Description
Trying to gain healthy weight or build muscle? These high-carb, high-protein meals helped me gain 10 lbs naturally—and they actually taste amazing! Perfect for lean bulking, post-workout recovery, or anyone needing more fuel in their day. These easy, balanced recipes are great for breakfast, lunch, and dinner—no complicated ingredients, just real food that gets results
Recipes:
Creamy Spinach & Shrimp Stuffed Shells
Ingredients:
For the shells:
12 jumbo pasta shells
1 cup cooked shrimp, chopped
1 cup ricotta cheese
1/2 cup Parmesan cheese, grated
1 cup spinach, sautéed and chopped
1/2 cup mozzarella cheese, shredded
1 egg
1 tsp garlic powder
Salt and pepper to taste
For the sauce:
2 tbsp butter
2 cloves garlic, minced
1 cup heavy cream
1/4 cup Parmesan cheese, grated
1/2 tsp Italian seasoning
Salt and pepper to taste
Instructions:
Cook the Pasta:
Boil jumbo shells in salted water until al dente. Drain and let them cool.
Prepare the Filling:
In a bowl, mix ricotta, Parmesan, spinach, shrimp, egg, garlic powder, salt, and pepper.
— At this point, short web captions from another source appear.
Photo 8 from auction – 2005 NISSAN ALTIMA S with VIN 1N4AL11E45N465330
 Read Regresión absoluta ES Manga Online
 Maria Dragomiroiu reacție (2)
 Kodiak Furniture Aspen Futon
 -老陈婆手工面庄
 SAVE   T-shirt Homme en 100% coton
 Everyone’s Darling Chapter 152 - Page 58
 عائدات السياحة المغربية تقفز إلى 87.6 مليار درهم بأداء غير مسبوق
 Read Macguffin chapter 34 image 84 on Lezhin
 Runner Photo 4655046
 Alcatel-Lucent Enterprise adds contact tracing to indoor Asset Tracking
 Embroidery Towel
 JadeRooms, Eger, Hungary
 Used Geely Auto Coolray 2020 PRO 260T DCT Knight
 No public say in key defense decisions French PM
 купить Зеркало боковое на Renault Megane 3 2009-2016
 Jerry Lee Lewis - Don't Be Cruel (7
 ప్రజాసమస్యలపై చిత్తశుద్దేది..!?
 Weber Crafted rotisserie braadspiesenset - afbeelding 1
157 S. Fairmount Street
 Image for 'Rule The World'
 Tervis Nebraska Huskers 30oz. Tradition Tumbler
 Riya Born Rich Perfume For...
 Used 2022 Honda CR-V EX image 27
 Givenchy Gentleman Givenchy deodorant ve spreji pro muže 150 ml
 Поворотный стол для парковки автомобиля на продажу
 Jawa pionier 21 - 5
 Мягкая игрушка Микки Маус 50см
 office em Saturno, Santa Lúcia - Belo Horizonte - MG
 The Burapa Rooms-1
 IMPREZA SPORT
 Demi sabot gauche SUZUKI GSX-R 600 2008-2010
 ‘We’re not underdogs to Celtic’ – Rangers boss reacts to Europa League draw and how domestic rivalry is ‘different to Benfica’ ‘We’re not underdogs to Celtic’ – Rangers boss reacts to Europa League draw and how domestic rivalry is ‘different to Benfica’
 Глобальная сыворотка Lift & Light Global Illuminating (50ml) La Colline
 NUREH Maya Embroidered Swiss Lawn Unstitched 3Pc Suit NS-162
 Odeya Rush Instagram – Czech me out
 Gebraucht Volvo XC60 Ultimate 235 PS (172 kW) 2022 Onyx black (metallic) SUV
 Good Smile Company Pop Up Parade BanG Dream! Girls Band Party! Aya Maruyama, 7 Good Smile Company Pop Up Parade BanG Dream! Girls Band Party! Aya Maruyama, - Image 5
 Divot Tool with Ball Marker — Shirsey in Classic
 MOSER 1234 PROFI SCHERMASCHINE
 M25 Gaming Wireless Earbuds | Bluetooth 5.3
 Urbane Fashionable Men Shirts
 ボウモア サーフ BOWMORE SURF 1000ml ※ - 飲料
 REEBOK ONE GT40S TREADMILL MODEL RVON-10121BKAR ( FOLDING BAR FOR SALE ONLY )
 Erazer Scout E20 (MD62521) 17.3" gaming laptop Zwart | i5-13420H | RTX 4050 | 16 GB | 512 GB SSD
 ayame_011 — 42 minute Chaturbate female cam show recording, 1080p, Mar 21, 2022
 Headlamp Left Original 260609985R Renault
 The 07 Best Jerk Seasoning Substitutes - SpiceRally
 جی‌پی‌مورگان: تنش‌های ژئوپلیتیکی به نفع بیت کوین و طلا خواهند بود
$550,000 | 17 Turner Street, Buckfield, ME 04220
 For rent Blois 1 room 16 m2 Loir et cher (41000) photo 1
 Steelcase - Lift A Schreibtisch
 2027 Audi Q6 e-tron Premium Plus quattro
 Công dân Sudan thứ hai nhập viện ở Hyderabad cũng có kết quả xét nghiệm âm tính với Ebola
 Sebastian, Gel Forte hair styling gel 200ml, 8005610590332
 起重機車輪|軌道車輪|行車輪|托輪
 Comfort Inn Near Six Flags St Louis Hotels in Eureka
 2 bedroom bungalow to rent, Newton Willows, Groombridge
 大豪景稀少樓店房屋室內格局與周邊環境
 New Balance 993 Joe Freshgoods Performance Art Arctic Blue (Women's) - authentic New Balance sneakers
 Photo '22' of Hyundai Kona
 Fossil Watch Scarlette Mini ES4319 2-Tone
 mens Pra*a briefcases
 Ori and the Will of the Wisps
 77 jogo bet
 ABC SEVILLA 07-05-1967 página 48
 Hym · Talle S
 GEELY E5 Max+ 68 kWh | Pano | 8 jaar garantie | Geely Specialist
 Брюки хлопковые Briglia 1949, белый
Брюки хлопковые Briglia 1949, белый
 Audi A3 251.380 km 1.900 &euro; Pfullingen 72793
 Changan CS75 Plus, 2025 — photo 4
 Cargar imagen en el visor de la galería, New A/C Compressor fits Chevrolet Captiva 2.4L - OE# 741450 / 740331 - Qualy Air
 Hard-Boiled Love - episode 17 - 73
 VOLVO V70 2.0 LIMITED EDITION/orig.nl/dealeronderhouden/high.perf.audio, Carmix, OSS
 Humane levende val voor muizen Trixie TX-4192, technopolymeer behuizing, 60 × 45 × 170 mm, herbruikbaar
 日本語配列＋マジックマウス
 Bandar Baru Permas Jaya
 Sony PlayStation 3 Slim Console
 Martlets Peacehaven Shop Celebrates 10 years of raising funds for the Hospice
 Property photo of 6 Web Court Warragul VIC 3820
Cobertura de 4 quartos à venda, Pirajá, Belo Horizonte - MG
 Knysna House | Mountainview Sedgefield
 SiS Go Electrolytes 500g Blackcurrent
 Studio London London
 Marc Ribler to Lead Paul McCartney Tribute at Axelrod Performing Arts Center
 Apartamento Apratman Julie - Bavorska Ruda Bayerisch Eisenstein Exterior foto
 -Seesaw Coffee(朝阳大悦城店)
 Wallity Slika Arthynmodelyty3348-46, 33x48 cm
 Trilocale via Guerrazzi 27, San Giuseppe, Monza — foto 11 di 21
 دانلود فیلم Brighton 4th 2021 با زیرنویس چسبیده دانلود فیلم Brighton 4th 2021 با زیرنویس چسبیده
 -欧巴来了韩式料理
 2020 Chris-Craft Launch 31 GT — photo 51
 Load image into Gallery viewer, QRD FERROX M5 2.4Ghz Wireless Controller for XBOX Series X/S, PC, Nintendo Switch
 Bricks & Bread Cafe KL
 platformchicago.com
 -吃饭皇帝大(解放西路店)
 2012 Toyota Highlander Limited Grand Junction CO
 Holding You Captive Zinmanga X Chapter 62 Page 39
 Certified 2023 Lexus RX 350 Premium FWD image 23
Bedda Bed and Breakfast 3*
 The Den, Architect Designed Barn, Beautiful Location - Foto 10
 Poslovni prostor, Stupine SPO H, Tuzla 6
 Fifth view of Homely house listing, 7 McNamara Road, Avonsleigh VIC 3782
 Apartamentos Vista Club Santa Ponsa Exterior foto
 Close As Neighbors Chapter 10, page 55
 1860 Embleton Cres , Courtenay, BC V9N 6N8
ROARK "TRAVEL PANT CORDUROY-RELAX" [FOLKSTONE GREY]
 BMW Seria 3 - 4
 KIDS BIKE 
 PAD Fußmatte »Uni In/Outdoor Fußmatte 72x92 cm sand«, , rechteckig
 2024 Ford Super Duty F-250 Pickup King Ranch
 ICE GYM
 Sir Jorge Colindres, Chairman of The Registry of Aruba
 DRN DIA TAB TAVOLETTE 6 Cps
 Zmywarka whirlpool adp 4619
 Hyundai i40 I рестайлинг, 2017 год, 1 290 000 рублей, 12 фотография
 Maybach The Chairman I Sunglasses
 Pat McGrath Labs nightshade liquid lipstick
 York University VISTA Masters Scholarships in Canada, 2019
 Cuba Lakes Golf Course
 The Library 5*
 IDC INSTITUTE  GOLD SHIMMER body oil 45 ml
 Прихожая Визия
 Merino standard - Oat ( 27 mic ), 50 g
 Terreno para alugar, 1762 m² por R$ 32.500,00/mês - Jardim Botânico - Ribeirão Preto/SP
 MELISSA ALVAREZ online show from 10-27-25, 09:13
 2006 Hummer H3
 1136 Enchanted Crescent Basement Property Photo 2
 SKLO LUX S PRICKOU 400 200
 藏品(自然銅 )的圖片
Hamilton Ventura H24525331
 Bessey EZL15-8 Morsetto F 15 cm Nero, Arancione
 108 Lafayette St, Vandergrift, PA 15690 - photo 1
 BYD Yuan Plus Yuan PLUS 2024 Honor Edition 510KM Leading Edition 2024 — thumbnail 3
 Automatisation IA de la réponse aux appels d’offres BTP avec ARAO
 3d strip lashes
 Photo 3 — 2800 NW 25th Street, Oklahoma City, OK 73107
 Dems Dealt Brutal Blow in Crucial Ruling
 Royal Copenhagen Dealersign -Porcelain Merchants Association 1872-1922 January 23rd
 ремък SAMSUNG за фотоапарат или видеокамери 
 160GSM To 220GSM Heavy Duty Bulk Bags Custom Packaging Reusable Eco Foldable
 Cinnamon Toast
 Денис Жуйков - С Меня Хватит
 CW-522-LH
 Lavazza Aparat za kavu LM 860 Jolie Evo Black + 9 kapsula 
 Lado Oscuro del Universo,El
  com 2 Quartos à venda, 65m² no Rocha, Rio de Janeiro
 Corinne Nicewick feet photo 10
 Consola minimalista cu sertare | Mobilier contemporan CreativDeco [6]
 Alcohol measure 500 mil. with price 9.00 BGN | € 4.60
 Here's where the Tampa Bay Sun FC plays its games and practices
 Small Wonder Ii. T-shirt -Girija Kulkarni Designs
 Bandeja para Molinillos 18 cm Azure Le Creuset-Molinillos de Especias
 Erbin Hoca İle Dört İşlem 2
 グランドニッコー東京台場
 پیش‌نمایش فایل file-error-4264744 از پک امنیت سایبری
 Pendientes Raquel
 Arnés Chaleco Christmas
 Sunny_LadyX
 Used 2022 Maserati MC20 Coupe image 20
Stir until well combined.
Make the Sauce:
In a saucepan, melt butter over medium heat. Sauté garlic until fragrant. Add heavy cream and bring to a simmer. Stir in Parmesan cheese and Italian seasoning until the sauce thickens. Season with salt and pepper.
Stuff the Shells:
Fill each shell with the shrimp and spinach mixture. Place the stuffed shells in a baking dish.
Bake:
Pour the cream sauce over the shells and top with shredded mozzarella. Bake at 375°F (190°C) for 20-25 minutes or until bubbly and golden.
Serve:
Garnish with extra Parmesan and fresh parsley. Serve hot!
This decadent dish combines creamy, cheesy goodness with the richness of shrimp—perfect for any special dinner!